**Exercise directions:** Restate, exactly and without pictures, the lines from the start of the listing below through the line holding "Alegre hombre de".

**Information given:**

━━━━━━━━━━━━━━━━━━━━━━━━━━━━━━

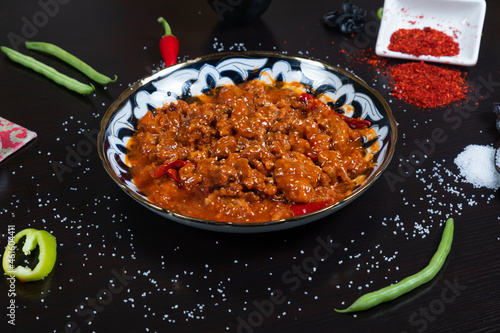 Asian food. Beef in spicy sauce with sesame seeds and chili pepper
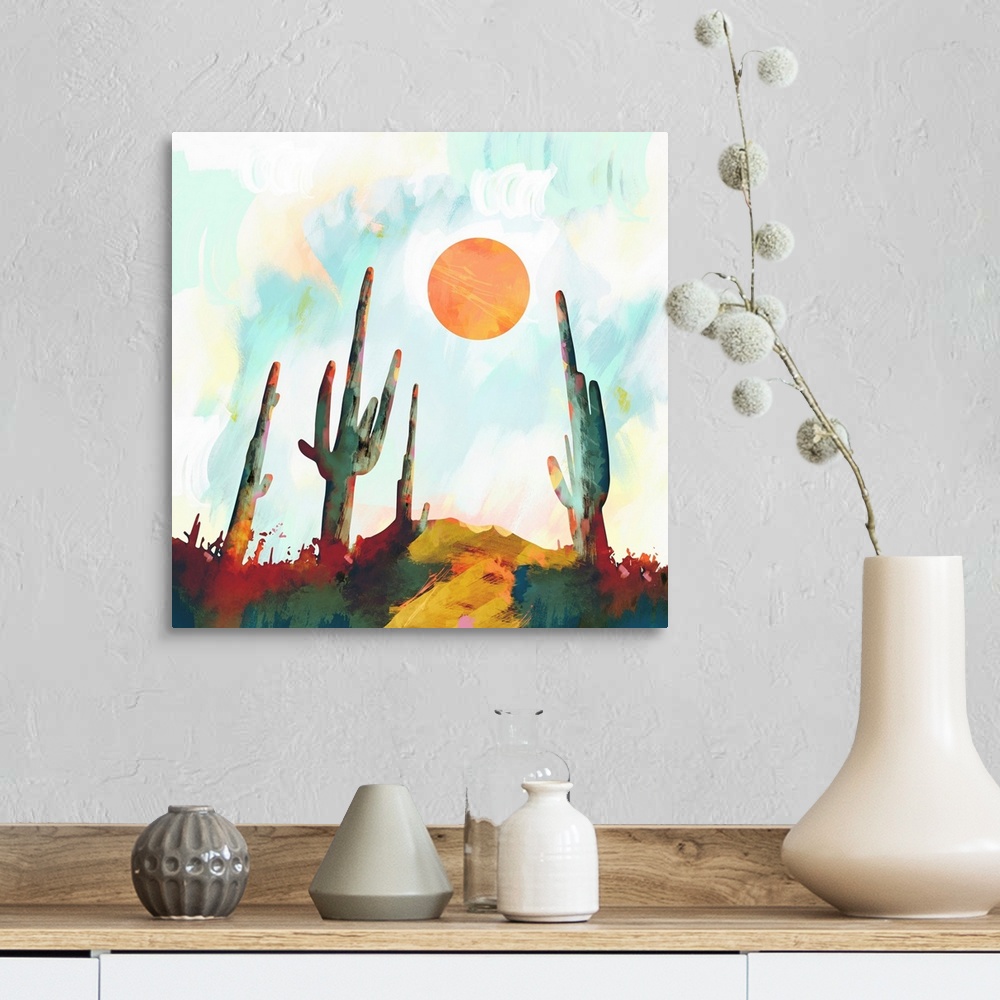 A farmhouse room featuring Abstract depiction of a desert landscape with cactus, sun, blue and orange.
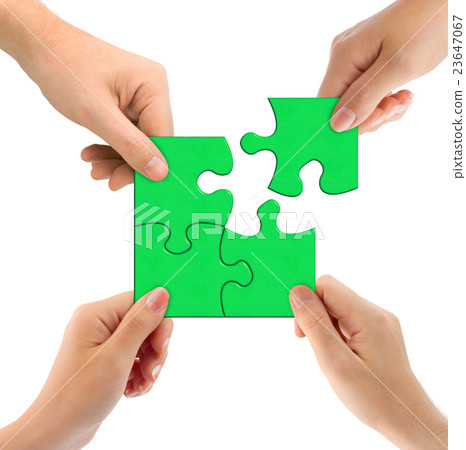 Hands and puzzle 23647067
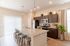 Modern kitchen with sleek granite countertops, stainless steel appliances, and stylish pendant lighting, perfect for culinary adventures.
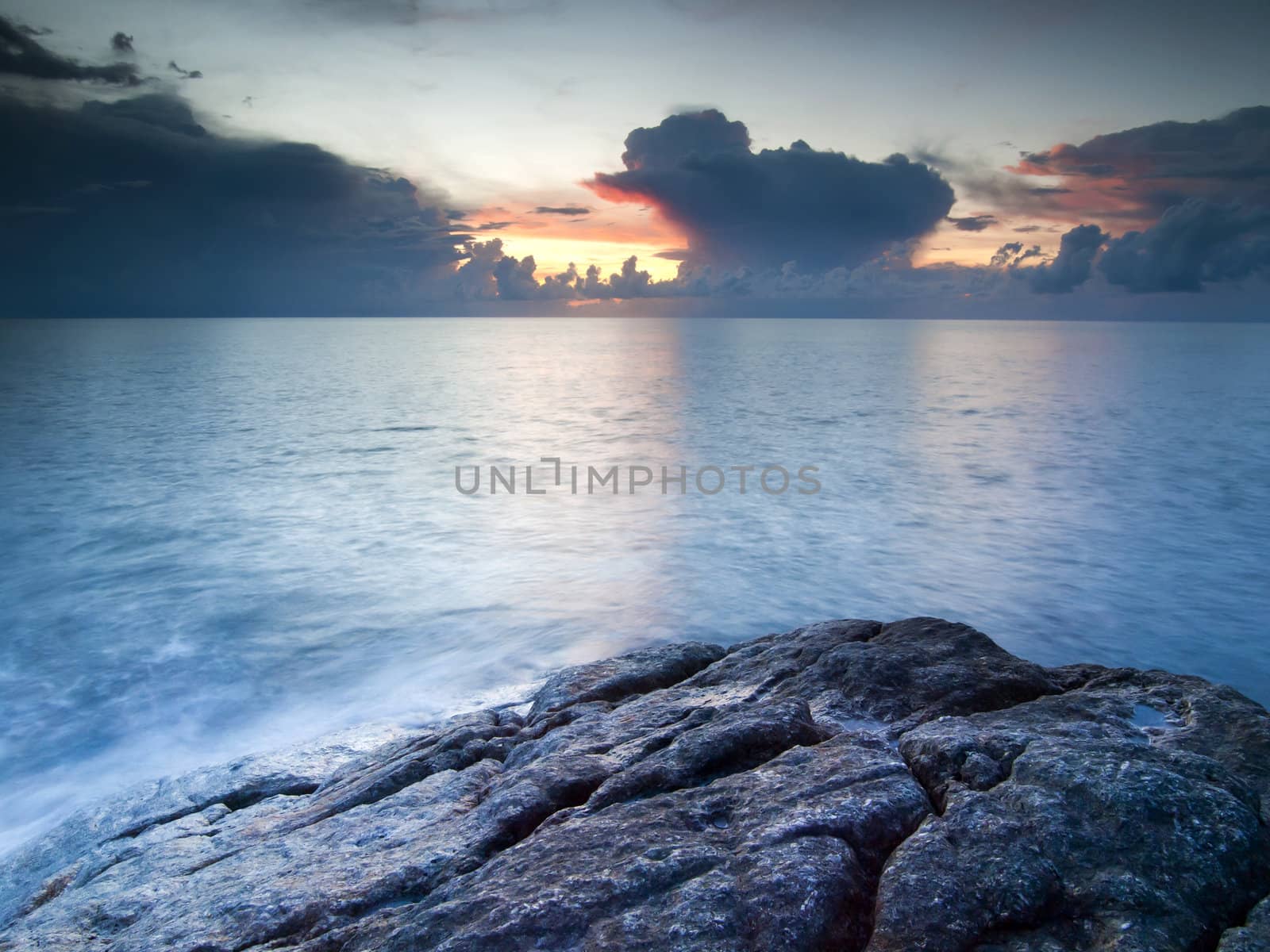 Beautiful seascape. Sea and rock at the sunset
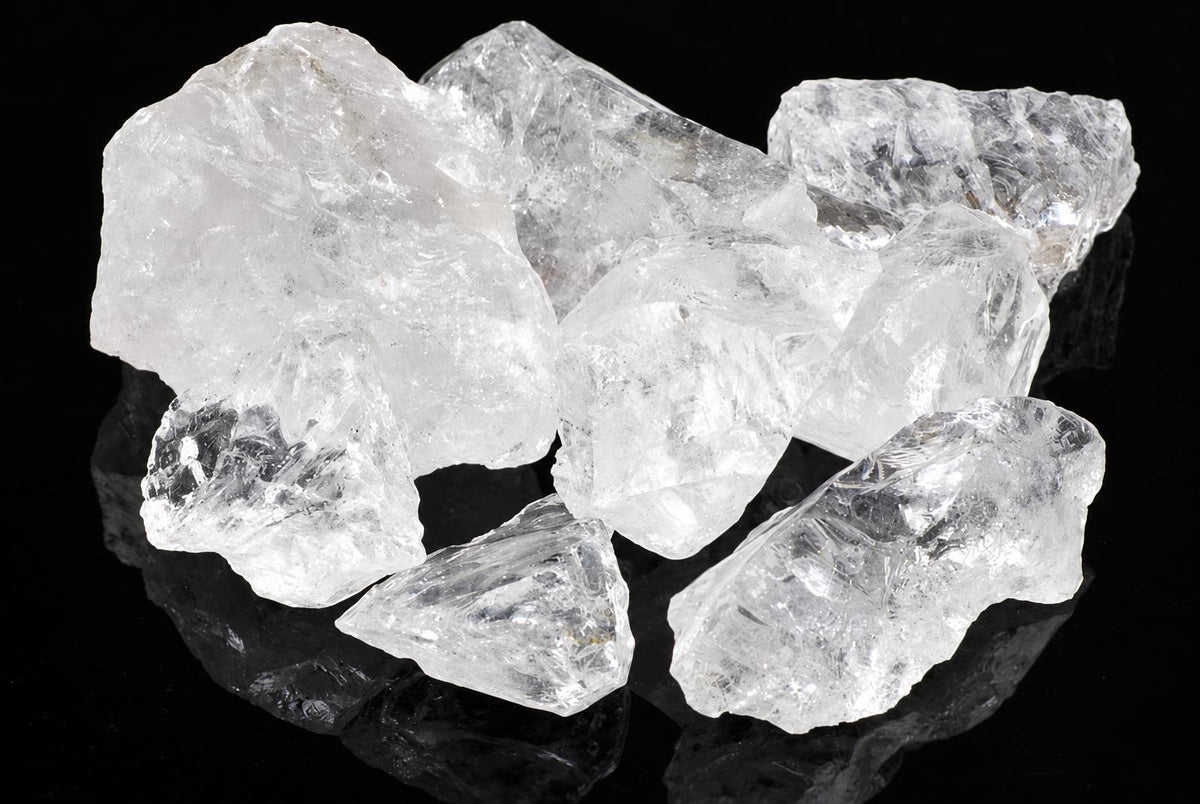 Several clear, translucent quartz crystals with rough shapes rest on a dark surface.
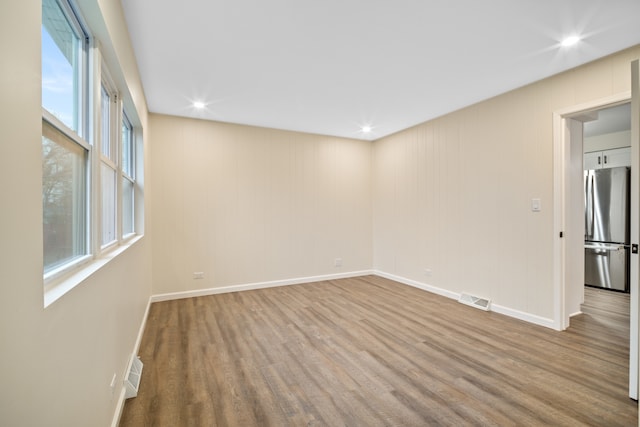 empty room with light wood-type flooring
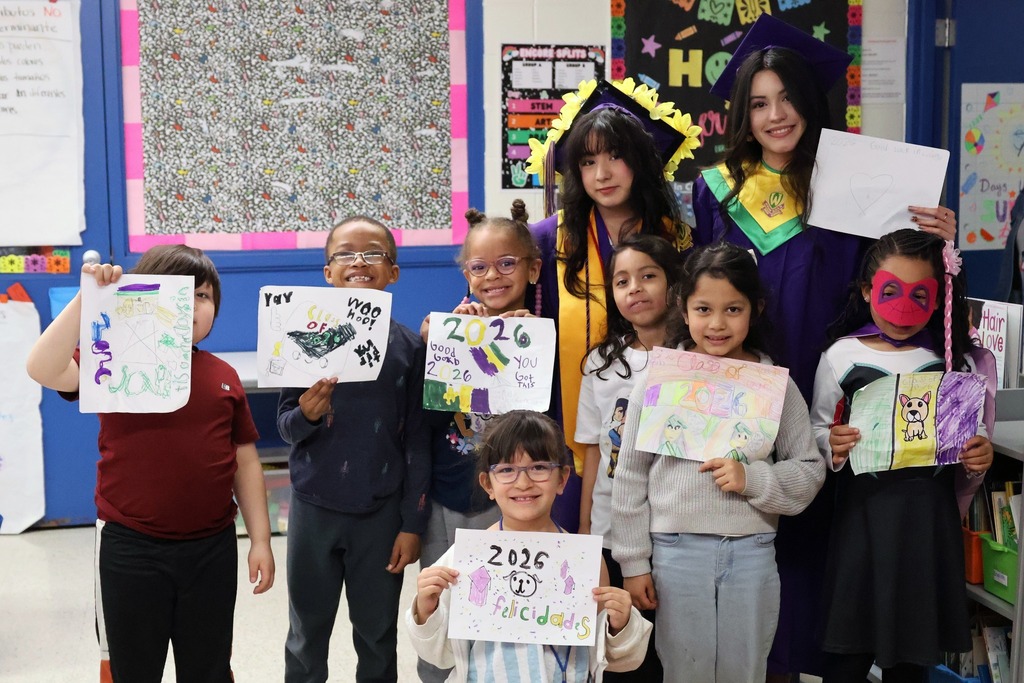 Elementary school students stand in a school hallway, proudly holding up colorful drawings they made as gifts for graduating high school seniors
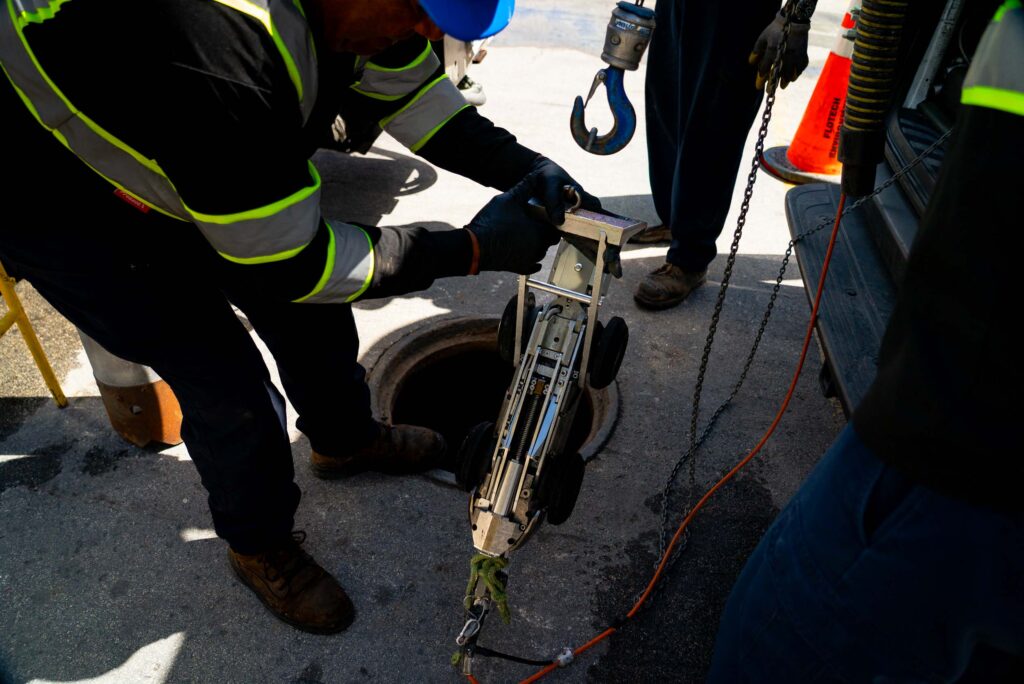 A technician operates a CCTV camera for pipe inspection, showcasing the interior of a pipeline on a monitor screen.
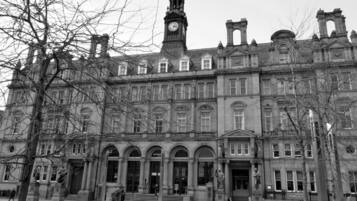 A historic building with a prominent clock tower, arched windows, and classical architecture.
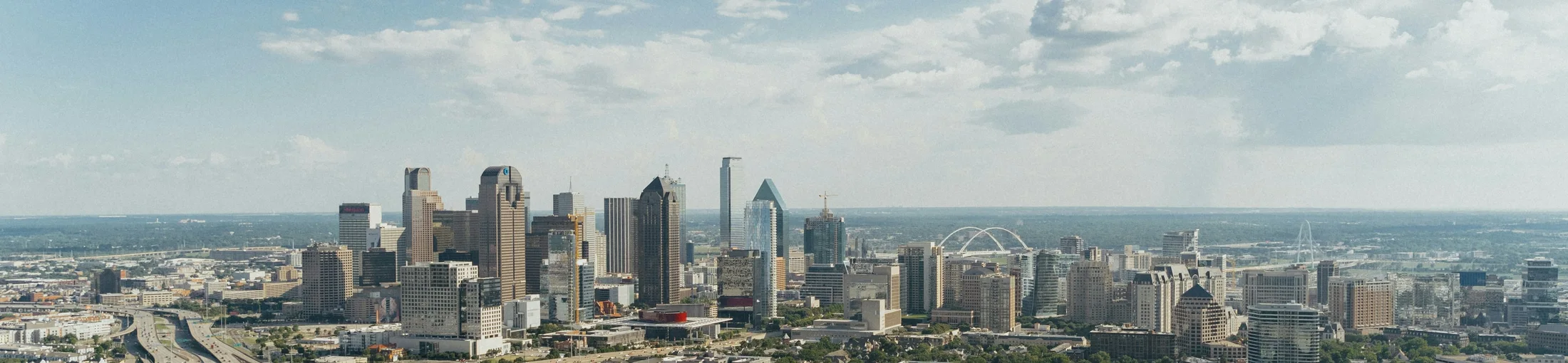 The downtown Dallas skyline under a clear Texas sky.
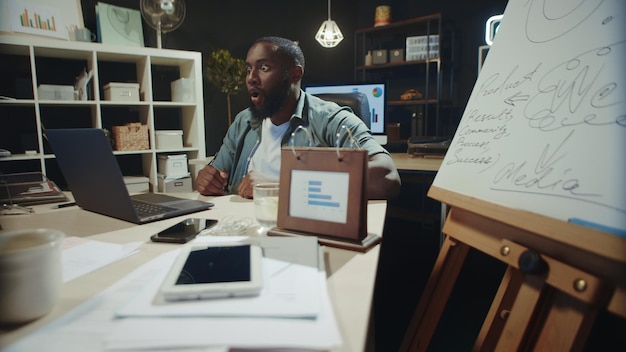 Alegre hombre de negocios afroamericano leyendo excitantes noticias en línea en coworking Un emocionado hombre afro celebrando el éxito en una oficina hipster Un hombre africano satisfecho levantando las cejas emocionalmente en el interior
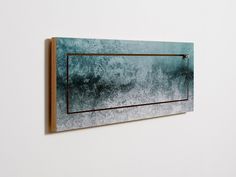 a painting hanging on the wall next to a white wall with a wooden frame and metal bar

━━━━━━━━━━━━━━━━━━━━━━━━━━━━━━

**Written solution:**
 Asian food. Beef in spicy sauce with sesame seeds and chili pepper
 A farmhouse room featuring Abstract depiction of a desert landscape with cactus, sun, blue and orange.
 Hands and puzzle 23647067
 Modern kitchen with sleek granite countertops, stainless steel appliances, and stylish pendant lighting, perfect for culinary adventures.
 Beautiful seascape. Sea and rock at the sunset
 Several clear, translucent quartz crystals with rough shapes rest on a dark surface.
 empty room with light wood-type flooring
 Elementary school students stand in a school hallway, proudly holding up colorful drawings they made as gifts for graduating high school seniors
 A technician operates a CCTV camera for pipe inspection, showcasing the interior of a pipeline on a monitor screen.
 A historic building with a prominent clock tower, arched windows, and classical architecture.
 The downtown Dallas skyline under a clear Texas sky.
 Alegre hombre de negocios afroamericano leyendo excitantes noticias en línea en coworking Un emocionado hombre afro celebrando el éxito en una oficina hipster Un hombre africano satisfecho levantando las cejas emocionalmente en el interior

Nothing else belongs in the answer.